-2
import pandas as pd
check = pd.read_csv('1.csv')
nocheck = check['CUSIP'].str[:-1]
nocheck = nocheck.to_frame()
nocheck['CUSIP'] = nocheck['CUSIP'].astype(str)
nocheck.to_csv('NoCheck.csv')

This works but while writing the csv, a value for an identifier like 0003418 (type = str) converts to 3418 (type = general) when the csv file is opened in Excel. How do I avoid this?

cheech
  • 23
  • 4
  • When reading or when writing? I don't think this would happen when writing if the columns was str to begin with? – cs95 Dec 29 '17 at 16:36
  • 1
    The value is becoming a number *where*? In Pandas? In _insertCSVreadingprogramhere_? What are you using to make the discovery that the data is changing? If you're using Excel to open the CSV then it's Excel's fault, not Python's. – sco1 Dec 29 '17 at 16:37
  • Building on @excaza's comment- if you're using Excel, it may autoformat your numerical columns. You can either change the column format to text OR you can force quoting on write using `nocheck.to_csv('NoCheck.csv', quoting=csv.QUOTE_ALL)` – pault Dec 29 '17 at 16:43
  • Possible duplicate of [Best way to format integer as string with leading zeros?](https://stackoverflow.com/questions/733454/best-way-to-format-integer-as-string-with-leading-zeros) – trejas Dec 29 '17 at 16:45
  • Yes the change is evident only in excel, but how could I avoid this? – cheech Dec 29 '17 at 18:51
  • @pault i get an error: --------------------------------------------------------------------------- NameError Traceback (most recent call last) in () ----> 1 nocheck.to_csv('NoCheck.csv', quoting = csv.QUOTE_ALL) NameError: name 'csv' is not defined – cheech Dec 29 '17 at 18:55
  • you need to `import csv` first – pault Dec 29 '17 at 18:56

1 Answers1

-1

I couldn't find a dupe for this question, so I'll post my comment as a solution.

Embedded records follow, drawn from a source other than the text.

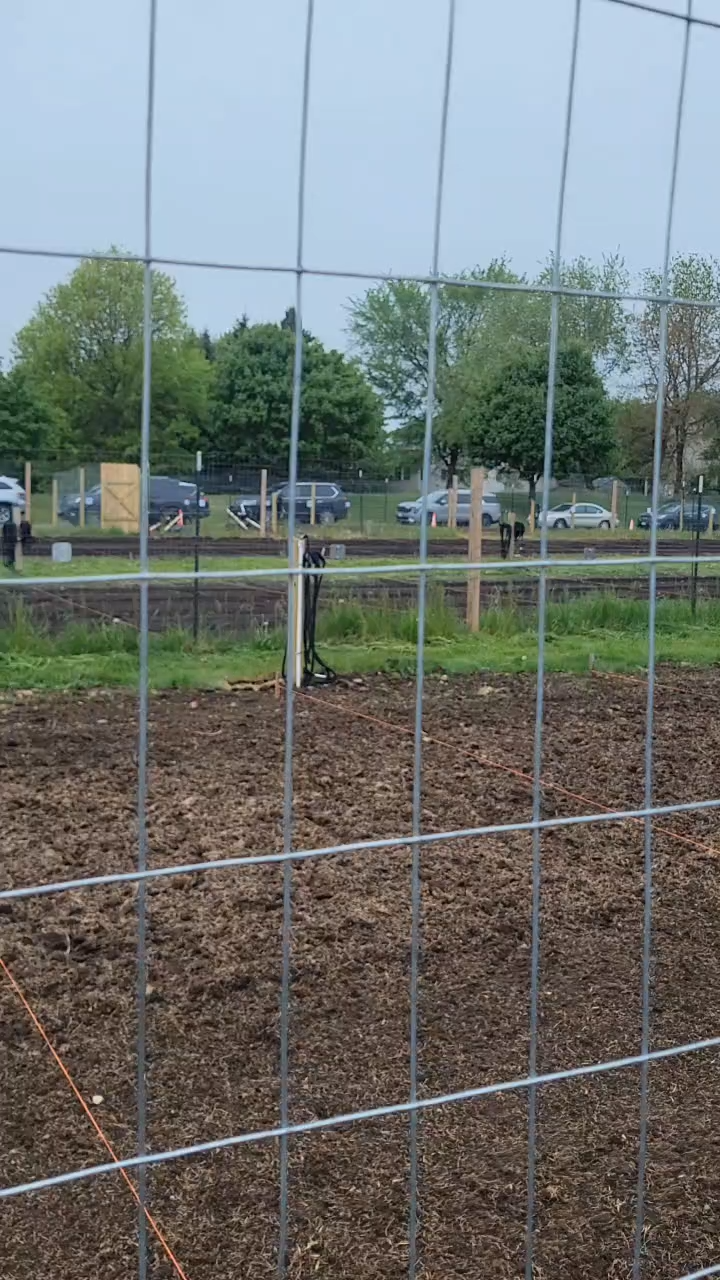 Meadow Grass Community Garden: One of Minnesota’s Most Diverse Community Gardens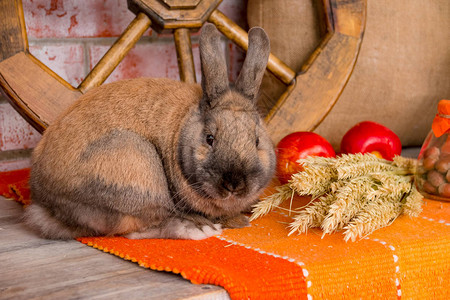 穿着编织帽的可爱小红色复活节兔子图片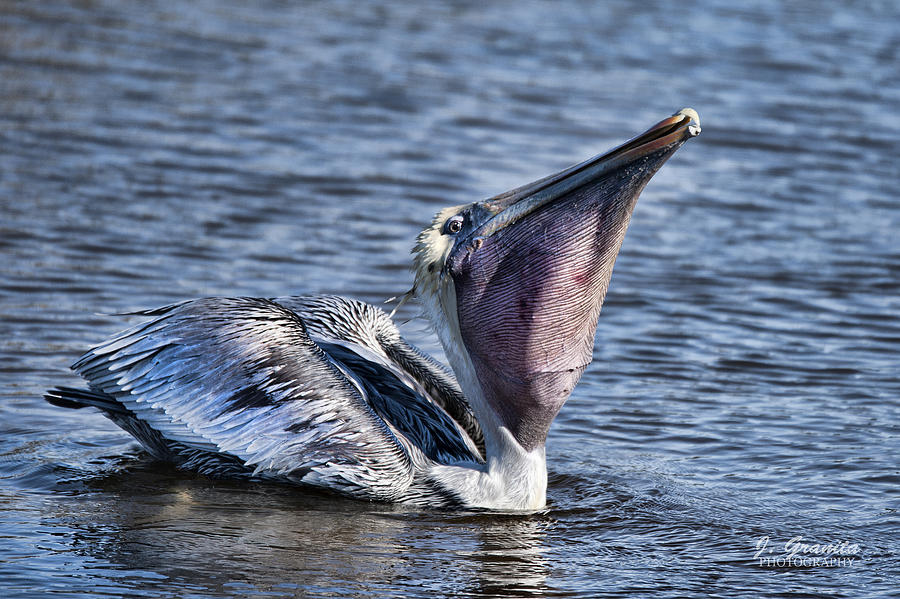 Brown Pelican #3 Photograph by Joe Granita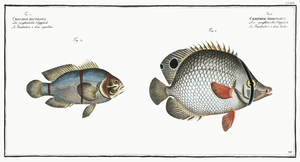 1. Chaetodon bimaculatus 2. Chaetodon biaculeatus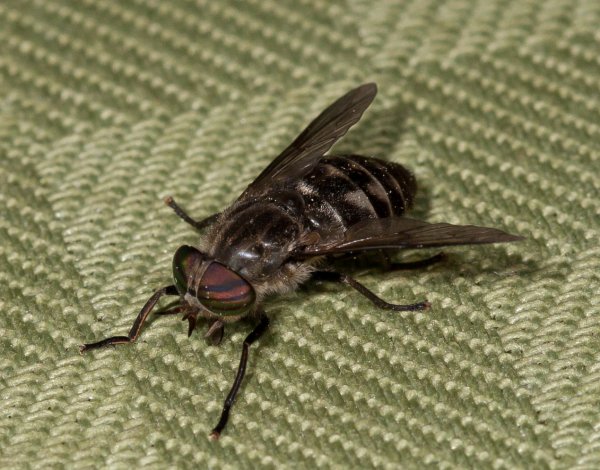 Gåta 10, facit. Fäbroms, hästbroms, släkte Tabanus, familj Tabanidae.jpg Gåta 10, facit. Fäbroms, hästbroms, släkte Tabanus, familj Tabanidae.jpg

This is an Excel issue, not a python error. Excel autoformats numeric columns to remove leading 0's. You can "fix" this by forcing pandas to quote when writing:

import csv
# insert pandas code from question here
# use csv.QUOTE_ALL when writing CSV.
nocheck.to_csv('NoCheck.csv', quoting=csv.QUOTE_ALL)

Note that this will actually put quotes around each value in your CSV. It will render the way you want in Excel, but you may run into issues if you try to read the file some other way.

Another solution is to write the CSV without quoting, and change the cell format in Excel to "General" instead of "Numeric".

pault
  • 41,343
  • 15
  • 107
  • 149